Some StackOverflow digging has helped!

https://stackoverflow.com/a/17434121 (especially the last section with ZipFile)

view this post on Zulip Philip Durbin 🚀 (Apr 12 2024 at 13:07):

@Markus Haarländer created the zip previewer/downloader. Maybe he can help.

view this post on Zulip Jan Range (Apr 12 2024 at 13:12):

I think I have it!

image.png

view this post on Zulip Jan Range (Apr 12 2024 at 13:13):

Original file - https://darus.uni-stuttgart.de/file.xhtml?persistentId=doi:10.18419/darus-3372/7

view this post on Zulip Oliver Bertuch (Apr 12 2024 at 13:15):

That looks promising!

view this post on Zulip Oliver Bertuch (Apr 12 2024 at 13:16):

It might be necessary to repeat the reading of 256k if the ZIP file is large

view this post on Zulip Jan Range (Apr 12 2024 at 13:17):

Yes, I will add an iterative process. According to StackOverflow ZipFile will raise an error if it is not enough. Hence, I would just repeat and increment until there is no error.

view this post on Zulip Oliver Bertuch (Apr 12 2024 at 13:17):

Sounds good to me!

view this post on Zulip Oliver Bertuch (Apr 12 2024 at 13:18):

So this would be a feature of DataverseFS, right?

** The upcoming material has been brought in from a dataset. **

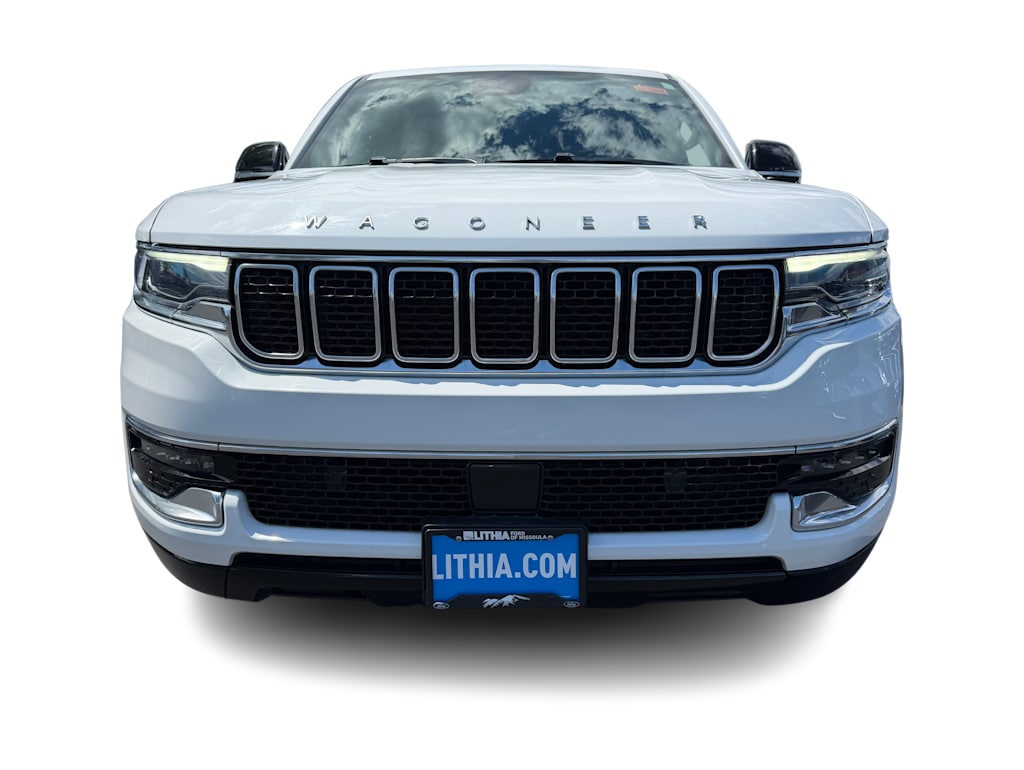 Thumbnail: 2024 Jeep Wagoneer - 4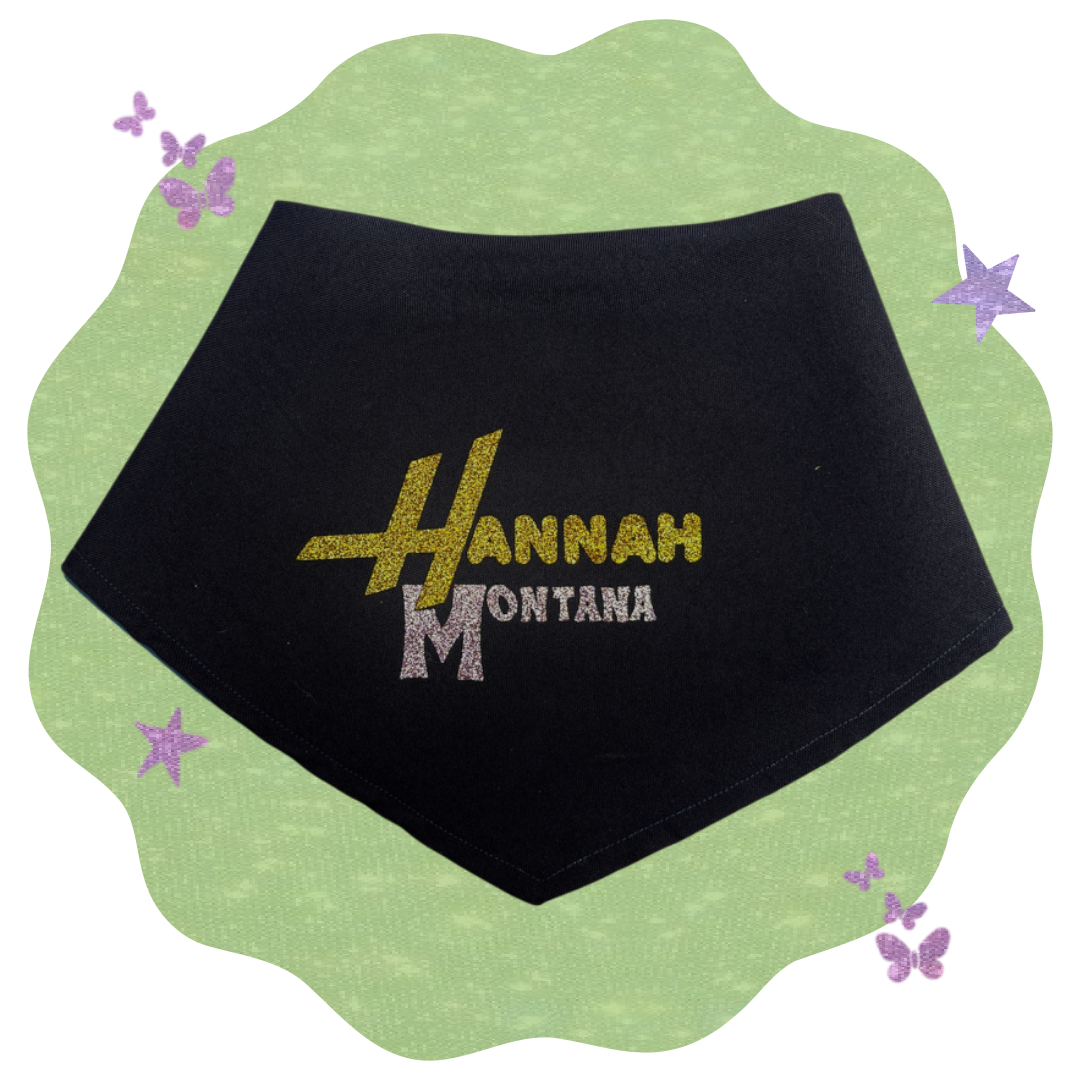 Bandana doble vista "The best of both worlds"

view this post on Zulip Jan Range (Apr 12 2024 at 13:18):

Yes, would be a great feature to have! Next challenge though is to extract a specific file

view this post on Zulip Oliver Bertuch (Apr 12 2024 at 13:19):

Oh and what about retrieval of a file from the ZIP? You didn't take a look at that yet, right?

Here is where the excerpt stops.